Even in smaller IT environments, managing systems as consistently as possible pays dividends. The effort required to learn and use massive tools for configuration management (e.g., Ansible, Chef, Puppet) rarely pays off, because you frequently need to complete simple, one-time tasks; when these present themselves, writing recipes (Chef) or manifests (Puppet) wastes too much time.

Alternatively, many admins use self-made scripts, which they execute to hosts in rotation from a list that is laborious to maintain. Although these methods work, you must take the particulars of the respective platforms into account and cope with possible timeouts while opening connections. This effort can be reduced by turning to a proven solution. The right tool should be able not only to abstract the differences of distributions and operating systems but also to provide its own communication channel and offer modules with pre-built commands and macros. Normally, projects from the orchestration and remote execution environment offer something similar. Thanks to its simple operation, speed, and scalability, SaltStack [1] stands out from the competition in these cases.

SaltStack

The systems and software architect Thomas S. Hatch faced the challenge of centrally maintaining an infrastructure that was partly inconsistent. To master it, he wrote his own software in Python; SaltStack (Salt, for short) emerged and was eventually published as an open source project in March 2011.

SaltStack is based on a central master, whose commands are executed on the target systems by Salt "minions." The communication between the master and the minions does not take place via SSH; rather, it relies on the well-known ZeroMQ [2] message bus library using an asynchronous approach. By design, various modules offer a full palette of commands and command sequences with which you can execute specific tasks. Additionally, another module facilitates running Linux commands. As soon as you initiate tasks with the master, the tool monitors execution on the minions and subsequently displays the outcome.

It does not matter whether you only use Salt on Linux, run different distributions on the master host and the target systems, or even go with FreeBSD. Salt supports a wide range of operating systems, although some of them (e.g., Windows) only as minions [3]. A list of all the operating systems in question can be found online [4]. You can deliver standardized commands with the modules supplied, and the modules on the minions then translate these into platform-specific commands.

Installation

As the master, you use a physical or virtual machine; even for large installations, the requests are so small that the master does not overtask the minions. Usually, you can install both the master and the minions from the official repository. However, where differences are too large, the available Salt versions can run into compatibility problems because of different module packages. You are better off running all minions compatibly with the same version of Salt. For the sake of ease in my tests, I prepared a set of virtual machines (VMs) that can see one another. An Ubuntu system hosts the master, and SUSE, Debian, and Fedora VMs serve as minions. You can see a more detailed overview along with OS versions and IPs in Table 1.
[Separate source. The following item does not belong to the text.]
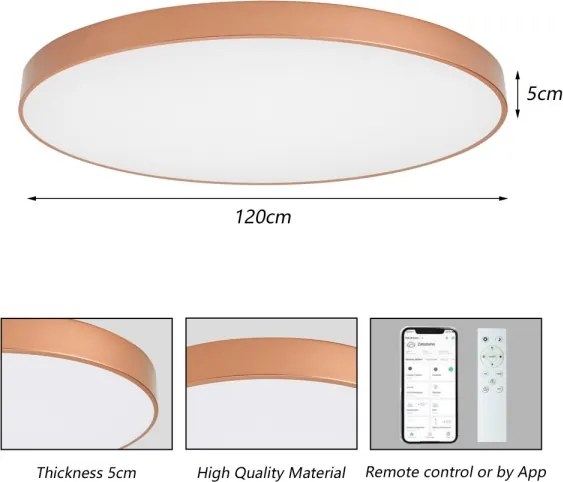 BRILAGI-LED Corp de iluminat dimerizabil POOL SMART LED/180W/230V 120 cm Wi-Fi Tuya cupru+telecomandă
On Ubuntu 14.04, you can install the master with the

sudo apt-get install salt-master

command. To install the correct minion on Debian 7, modify the package sources by adding the following line to the /etc/apt/sources.list file

deb http://debian.saltstack.com/debian wheezy-saltstack main

and updating with sudo apt-get update. The minion is then installed by typing one of the following commands,

# On Debian
sudo apt-get install salt-minion
# On openSUSE 13.2
sudo zypper install salt-minion
# On Fedora 23
sudo dnf install salt-minion

depending on your Linux installation.

Configuration

On startup, the minions try to connect to the master by default. If they have not configured a target of this kind, the software automatically searches the DNS domain for a salt entry. You can therefore either create a corresponding A record that points to the master (in my test, the target was the IP address 192.168.178.39), or you can configure the Salt minions manually.

On any system running a minion, you can edit the /etc/salt/minion configuration file and search for the line that begins #master:. You then remove the comment character and modify the line to

master: 192.168.178.39

(Figure 1). Replace the IP address from the example with any address that shows on the master in your network. After the changes, you need to restart the minion.
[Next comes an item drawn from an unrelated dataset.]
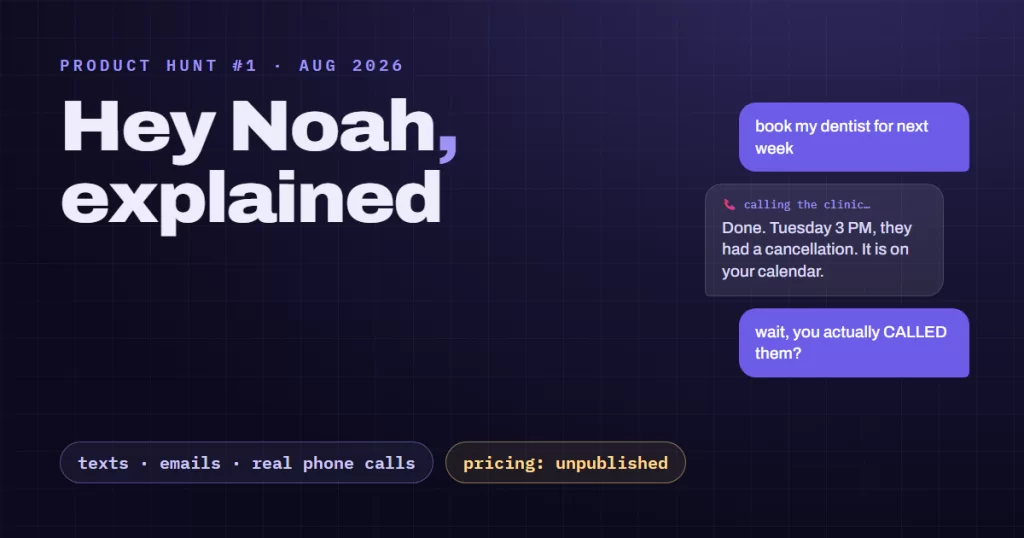 Hey Noah AI: What the Product Hunt Winner Actually Does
Figure 1: If automatic configuration fails, set the Salt master's options manually.

If the local system or network has a firewall that potentially filters the communication between master and minions, open TCP ports 4505 and 4506 on all systems involved. In case of questions or problems, your best option is to check out the appropriate section in the official documentation [5].

The connection between the Salt master and its minions is encrypted, and both sides authenticate. Before the minions can accept commands from a master, they first need to store their keys on the master, and the master has to accept the keys. When a minion connects to a new master for the first time, this exchange occurs automatically. On the master, you can view the list of minions (Figure 2) that have submitted your key using:

sudo salt-key -L

Figure 2: Verification procedure: Salt makes sure the components know one another.

If you trust these minions straightaway, you can accept all keys in one fell swoop with the

sudo salt-key -A

command and confirm by typing Y. If you want to check the identity of the individual minions, on the other hand, help with salt-key can be found on the man page. Running sudo salt-key -L again verifies acceptance (Figure 2).

All minions listed in green beneath Accepted Keys will accept commands from the master. For test purposes, you should check that the master sees the minions online, using the

sudo salt-run manage.status

command. Figure 3 shows the result.

Figure 3: If you have registered the minions properly on the master, nothing stands in the way of communication between the computers.